Распахнуть все окна... Из дневников 1953-1955 гг. | страница 26
Познакомился я с ним еще прошлый год, а нынче очень сошелся и проводить с ним время стало на редкость приятно.
Из академической «старой» интеллигенции тут, кроме Быкова, Владимир Александрович Энгельгардт — биолог. И с ним, и с Быковым беседы несколько поверхностны и без «обобщений».
Томашов сказал, что быть энциклопедистом во времена Леонардо было не слишком сложно. Объем и специализация знаний были невелики. Энциклопедизм в наши дни невозможен. Даже гений не может охватить хотя бы только науки естествознания, — они углубились бесконечно, и каждая требует от ученого полнейшей и всецелой отдачи сил только своей области. Таковы физика, химия, биология. О математике нечего говорить... Выработка атомистики поглощает жизни и жизни ученых.
5 сентября. Последний день в Карловых Варах.

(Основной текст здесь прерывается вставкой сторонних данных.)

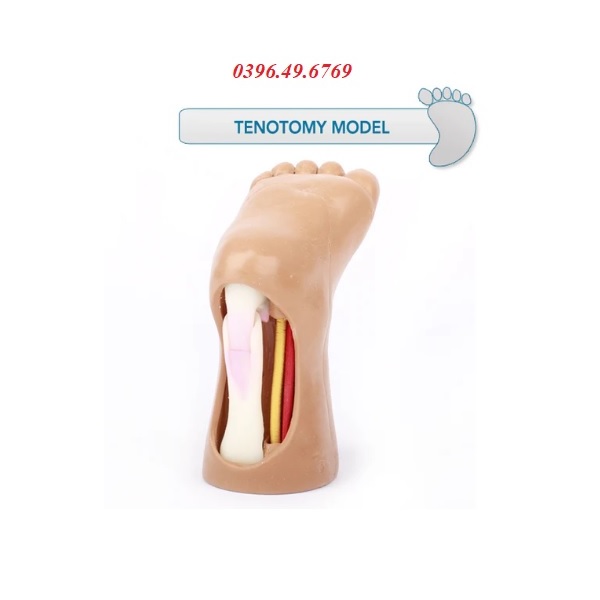 MÔ HÌNH THỰC HÀNH THỦ THUẬT CẮT GÂN GÓT CHÂN NHI KHOA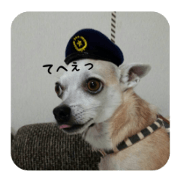 nari sticker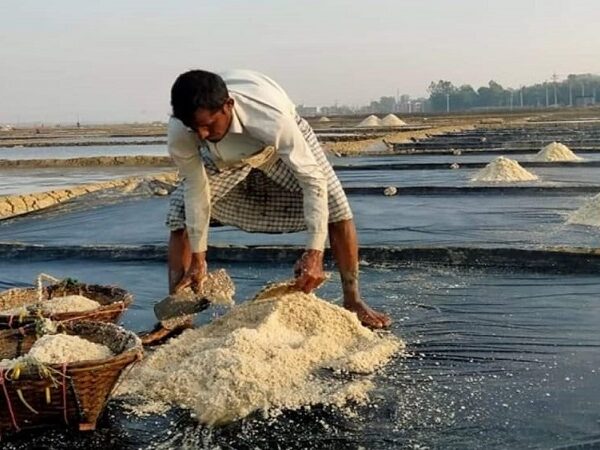 দেশীয় স্বার্থের বাইরে গিয়ে ১ লাখ টন লবণ আমদানীর অনুমতি কার স্বার্থে?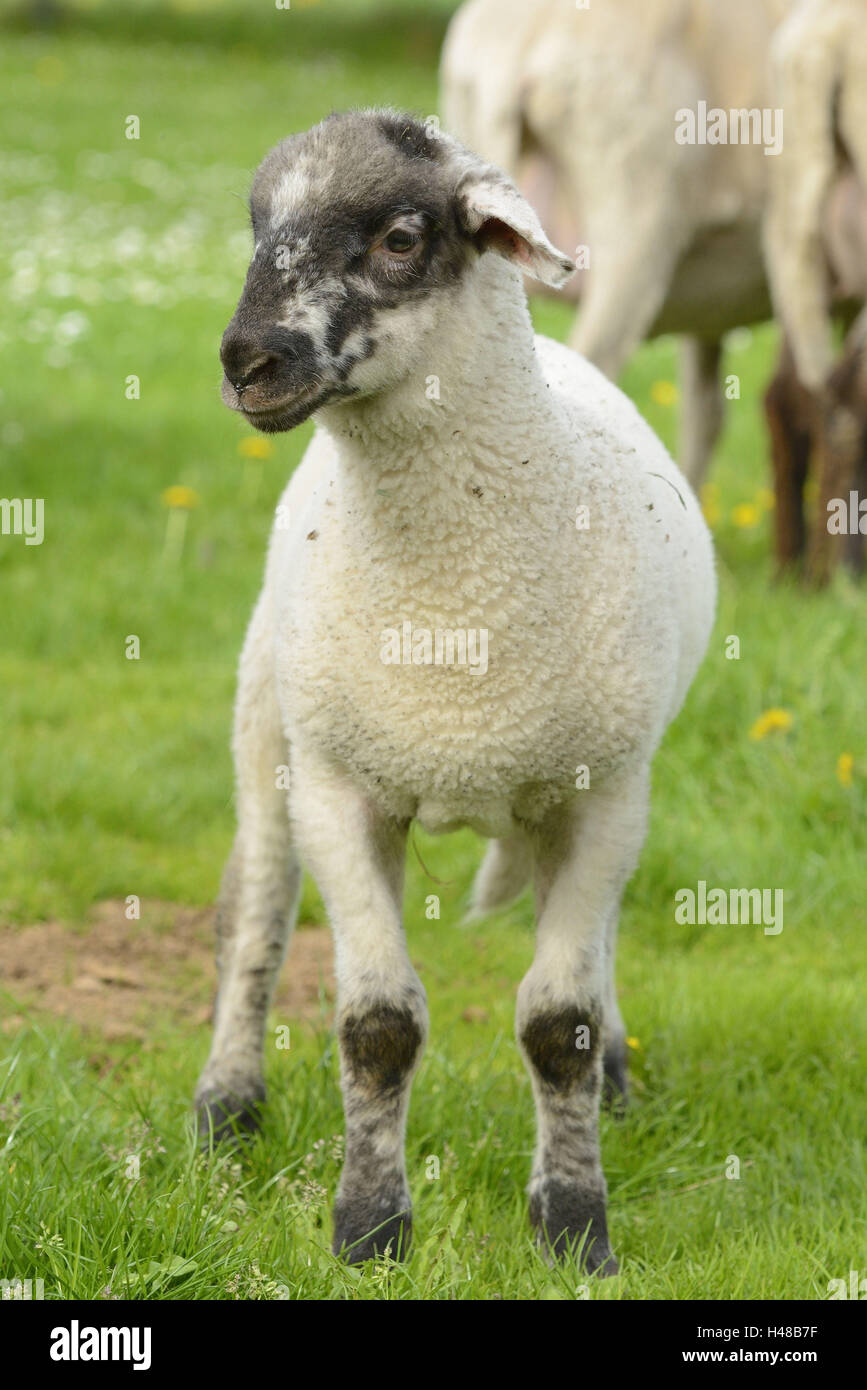 Gli animali domestici delle specie ovina, Ovis orientalis aries, giovane animale, in piedi, prato, Foto Stock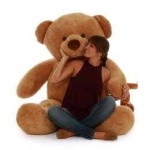 image of teddy_bear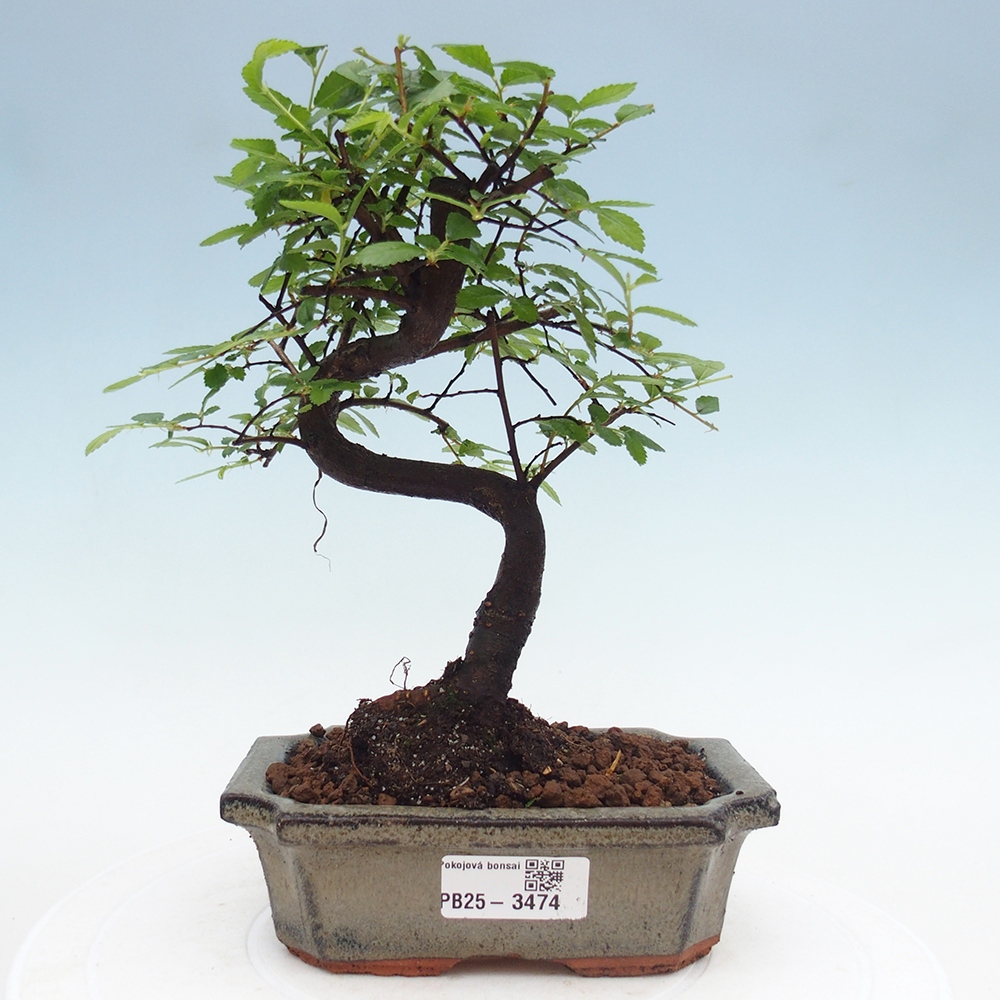 Pokojová bonsai - Ulmus parvifolia - Malolistý jilm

Для романа: уже сестрой, в Туле на перевязочном пункте, Аночка на несколько минут — с тяжелораненым. Чтобы отвлечь его (и себя) от страданий, заговаривает с ним, узнает, что он — саратовец! Он тоже спрашивает ее — откуда она, и — вдруг, вспоминая мигом свою жизнь (и видя раненого— изорванным, грязным, чем-то напомнившим отца, когда он был крючником), она с яркостью видит, как этот рабочий, оборванный, простой люд вырвался из нужды, нищеты, проклятия ночлежек, стал подниматься, посветлел и... вот опять его силятся сбросить вниз, в царство голи, во мрак беспросветный... И она чувствует такой прилив ненависти к виновникам несчастья, в которое ввергнут войной народ — ненависти, еще никогда так жгуче не испытанной и выпрямившей ее всю в эту минуту, что готова и себя, и Кирилла, и Надю отдать, чтобы только перебороть врага и добиться над ним торжества.
Вечер. Долго сидел у меня Шапорин, и говорил обо всем под его традиционный пылкий рефрен: «Ты что-нибудь понимаешь? Я ничего не понимаю!» Он назвал С. Прокофьева гениальным и горько говорил о его смерти. Такая оценка рисует Шапорина честным и широким художником (в чем я никогда не усомнился в жизни), — ведь Прокофьев во многом совершенно чужд музыке Шапорина, и я не позабуду, как пренебрежительно он о ней отозвался. Очень любит Шапорин и Шостаковича, и мне кажется, что это тоже говорит за его объективность. <…>
Не успел выписать все, что нужно, из Гудериана, — осталось самое главное — о разгроме под Тулой (и Москвой). Книгу надо раздобыть в Москве. Пора складываться — завтра отъезд рано утром.
6 сентября. — Прага. Я чудесно доехал до Праги. По дороге видел сбор хмеля, людей, занятых этим поэтическим делом — детей, молодежь, стариков-крестьян и старух. Работа кажется праздником и народ — именинником.